I'm seeing some unexpected FM behavior in both Rodio 0.20.1 and 0.21.0
Below is my main.rs demonstrating the problem. When DEMONSTRATING_DEFECT is false, you hear what you would expect, a siren-like sound alternating between two frequencies.
When DEMONSTRATING_DEFECT is true, you would expect smooth alternation between one frequency and the next. Instead, the high frequency gets higher and the low frequency seems to get lower...
use std::{f32::consts::PI, io::stdin};
use rodio::{OutputStream, OutputStreamBuilder, Source};
const SAMPLE_RATE: u32 = 44_100;
struct FrequencyModulation {
sample_num: u32,
frequency: Box<dyn Fn(f32) -> f32 + Send + 'static>,
}
fn amplitude(time_in_secs: f32, hz: f32) -> f32 /* (-1.0, 1.0) */ {
(2.0 * PI * hz * time_in_secs).sin()
}
fn time(sample_num: u32) -> f32 {
sample_num as f32 / SAMPLE_RATE as f32
}
impl FrequencyModulation {
pub fn new(frequency: Box<dyn Fn(f32) -> f32 + Send + 'static>) -> FrequencyModulation {
FrequencyModulation { sample_num: 0, frequency }
}
}
impl Source for FrequencyModulation {
fn current_span_len(&self) -> Option<usize> { None }
fn channels(&self) -> u16 { 1 }
fn sample_rate(&self) -> u32 { SAMPLE_RATE }
fn total_duration(&self) -> Option<std::time::Duration> { None }
}
impl Iterator for FrequencyModulation {
type Item = f32;
fn next(&mut self) -> Option<Self::Item> {
let time_in_secs = time(self.sample_num);
let instantaneous_frequency = (self.frequency)(time_in_secs);
let sample = amplitude(time_in_secs, instantaneous_frequency);
self.sample_num = self.sample_num + 1;
Some(sample)
}
}
const DEMONSTRATING_DEFECT: bool = true;
fn main() {
let stream_handle = OutputStreamBuilder::open_default_stream().unwrap();
let freq = if DEMONSTRATING_DEFECT {
// behaves unexpectedly with high rising and low lowering
|t: f32| 440.0 + 50.0 * (t * 2.0 * PI).sin()
} else {
// behaves as expected with siren-like alternating pitch
|t: f32| 440.0 + if (t * 2.0 * PI).sin() > 0.0 { 50.0 } else { -50.0 }
};
let source = FrequencyModulation::new(Box::new(freq));
let _ = stream_handle.mixer().add(source);
stdin().read_line(&mut String::new()).unwrap();
}
Your problem is that you calculate the amplitude on the global timeframe.

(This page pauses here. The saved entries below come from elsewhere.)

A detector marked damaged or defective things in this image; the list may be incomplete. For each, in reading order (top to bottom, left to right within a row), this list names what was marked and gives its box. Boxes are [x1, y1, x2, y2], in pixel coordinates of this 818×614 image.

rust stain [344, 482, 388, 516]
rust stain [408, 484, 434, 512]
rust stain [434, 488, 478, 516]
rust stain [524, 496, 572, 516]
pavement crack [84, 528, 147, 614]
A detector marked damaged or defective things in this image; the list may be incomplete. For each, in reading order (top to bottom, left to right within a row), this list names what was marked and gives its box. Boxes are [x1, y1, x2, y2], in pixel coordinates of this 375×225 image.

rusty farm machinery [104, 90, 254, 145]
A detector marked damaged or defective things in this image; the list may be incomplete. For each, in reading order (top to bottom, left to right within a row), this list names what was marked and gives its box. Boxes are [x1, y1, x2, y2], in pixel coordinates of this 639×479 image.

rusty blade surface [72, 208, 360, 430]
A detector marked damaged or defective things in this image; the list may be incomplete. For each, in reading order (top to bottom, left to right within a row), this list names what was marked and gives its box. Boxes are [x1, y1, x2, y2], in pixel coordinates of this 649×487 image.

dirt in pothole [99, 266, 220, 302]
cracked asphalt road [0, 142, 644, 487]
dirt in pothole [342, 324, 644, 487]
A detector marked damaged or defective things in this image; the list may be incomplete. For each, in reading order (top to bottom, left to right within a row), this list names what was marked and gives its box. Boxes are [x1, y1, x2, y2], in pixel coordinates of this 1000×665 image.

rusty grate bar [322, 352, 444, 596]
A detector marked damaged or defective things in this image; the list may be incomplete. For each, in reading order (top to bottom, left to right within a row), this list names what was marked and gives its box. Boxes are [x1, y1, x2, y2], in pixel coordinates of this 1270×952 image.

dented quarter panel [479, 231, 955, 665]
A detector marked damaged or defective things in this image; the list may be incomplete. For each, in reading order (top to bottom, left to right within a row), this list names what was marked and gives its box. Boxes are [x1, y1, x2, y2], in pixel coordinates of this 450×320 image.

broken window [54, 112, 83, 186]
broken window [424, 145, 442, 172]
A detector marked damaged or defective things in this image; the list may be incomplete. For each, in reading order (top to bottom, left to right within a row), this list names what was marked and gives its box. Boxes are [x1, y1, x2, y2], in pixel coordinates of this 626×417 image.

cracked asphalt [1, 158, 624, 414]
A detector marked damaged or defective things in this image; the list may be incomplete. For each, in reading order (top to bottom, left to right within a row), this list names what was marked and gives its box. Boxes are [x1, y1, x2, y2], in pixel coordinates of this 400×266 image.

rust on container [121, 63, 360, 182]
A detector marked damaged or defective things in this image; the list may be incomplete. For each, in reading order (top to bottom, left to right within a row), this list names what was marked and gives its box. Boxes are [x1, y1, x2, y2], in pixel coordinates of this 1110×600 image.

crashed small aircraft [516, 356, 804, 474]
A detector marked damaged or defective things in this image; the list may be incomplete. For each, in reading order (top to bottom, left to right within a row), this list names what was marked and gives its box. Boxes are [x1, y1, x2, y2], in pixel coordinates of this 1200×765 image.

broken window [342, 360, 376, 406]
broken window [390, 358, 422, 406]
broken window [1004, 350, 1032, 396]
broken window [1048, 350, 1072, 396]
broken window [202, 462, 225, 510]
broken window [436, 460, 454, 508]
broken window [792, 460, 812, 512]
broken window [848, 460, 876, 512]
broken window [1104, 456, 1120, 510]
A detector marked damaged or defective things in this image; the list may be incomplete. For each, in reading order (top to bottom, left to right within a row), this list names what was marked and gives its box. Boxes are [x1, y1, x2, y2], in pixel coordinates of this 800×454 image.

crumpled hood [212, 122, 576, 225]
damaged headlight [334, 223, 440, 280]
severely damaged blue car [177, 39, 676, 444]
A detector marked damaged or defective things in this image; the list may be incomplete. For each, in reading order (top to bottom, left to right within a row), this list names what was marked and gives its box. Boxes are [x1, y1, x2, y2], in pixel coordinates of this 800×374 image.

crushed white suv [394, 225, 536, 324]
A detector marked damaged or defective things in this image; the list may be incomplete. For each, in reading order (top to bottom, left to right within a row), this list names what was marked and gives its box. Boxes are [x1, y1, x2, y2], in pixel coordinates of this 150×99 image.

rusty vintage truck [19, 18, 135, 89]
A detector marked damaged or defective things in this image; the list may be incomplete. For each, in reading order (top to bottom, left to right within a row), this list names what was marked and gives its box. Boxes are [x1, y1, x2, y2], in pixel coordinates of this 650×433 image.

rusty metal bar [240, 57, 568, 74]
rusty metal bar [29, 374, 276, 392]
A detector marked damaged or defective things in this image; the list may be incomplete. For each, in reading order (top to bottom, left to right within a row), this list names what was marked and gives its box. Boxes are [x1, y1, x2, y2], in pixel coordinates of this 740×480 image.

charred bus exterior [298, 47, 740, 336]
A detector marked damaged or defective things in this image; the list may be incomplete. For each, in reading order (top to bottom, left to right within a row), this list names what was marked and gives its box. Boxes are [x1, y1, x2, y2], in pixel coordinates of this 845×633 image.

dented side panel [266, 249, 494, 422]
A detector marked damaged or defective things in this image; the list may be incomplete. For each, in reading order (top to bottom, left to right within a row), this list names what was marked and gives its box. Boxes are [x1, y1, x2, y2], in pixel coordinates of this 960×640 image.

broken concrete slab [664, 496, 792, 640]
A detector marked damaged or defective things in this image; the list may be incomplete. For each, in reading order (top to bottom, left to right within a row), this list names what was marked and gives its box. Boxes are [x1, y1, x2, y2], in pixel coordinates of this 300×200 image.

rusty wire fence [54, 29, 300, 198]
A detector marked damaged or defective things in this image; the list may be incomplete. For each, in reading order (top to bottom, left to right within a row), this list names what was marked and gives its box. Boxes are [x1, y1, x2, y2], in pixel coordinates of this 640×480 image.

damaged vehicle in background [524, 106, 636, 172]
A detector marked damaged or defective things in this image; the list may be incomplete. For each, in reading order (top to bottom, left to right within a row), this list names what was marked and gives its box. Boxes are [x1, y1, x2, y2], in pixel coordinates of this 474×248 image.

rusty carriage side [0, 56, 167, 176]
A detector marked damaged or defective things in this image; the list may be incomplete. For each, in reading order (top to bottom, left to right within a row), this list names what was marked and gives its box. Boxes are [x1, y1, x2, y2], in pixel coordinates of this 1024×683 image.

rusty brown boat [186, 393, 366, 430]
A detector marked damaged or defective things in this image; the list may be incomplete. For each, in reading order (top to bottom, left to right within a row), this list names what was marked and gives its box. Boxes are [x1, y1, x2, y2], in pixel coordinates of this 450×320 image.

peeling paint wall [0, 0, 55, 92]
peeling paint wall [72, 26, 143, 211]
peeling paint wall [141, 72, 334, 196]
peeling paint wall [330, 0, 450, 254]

In other words it is calculated irrespective of the previous sample and the previous phase angle of the signal, as if the frequency has always been the instantaneous one.
As a result every time the frequency changes the phase of your sine wave shifts which leads to the sound artifact you hear. When the frequency changes in big steps you only have one transition every now and then, so it's not a noticable problem, but with frequent or a contiuous frequency change those changes in the phase affect the audible signal.
To remedy it you can simply keep track of the current phase, calculate a phase delta for each time step and then derive the amplitude from the caculated phase:
use std::f32::consts::TAU;
struct FrequencyModulation {
sample_num: u32,
phase: f32,
frequency: Box<dyn Fn(f32) -> f32 + Send + 'static>,
}
impl FrequencyModulation {
pub fn new(frequency: Box<dyn Fn(f32) -> f32 + Send + 'static>) -> FrequencyModulation {
FrequencyModulation {
sample_num: 0,
phase: 0.0,
frequency,
}
}
fn next_amplitude(&mut self, freq: f32) -> f32 {
let phase_change = freq / SAMPLE_RATE as f32 * TAU;
self.phase += phase_change;
self.phase %= TAU; // keep `self.phase` within [0, TAU) for better precision
self.phase.sin()
}
}
impl Iterator for FrequencyModulation {
type Item = f32;
fn next(&mut self) -> Option<Self::Item> {
let time_in_secs = time(self.sample_num);
let instantaneous_frequency = (self.frequency)(time_in_secs);
let sample = self.next_amplitude(instantaneous_frequency);
self.sample_num = self.sample_num + 1;
Some(sample)
}
}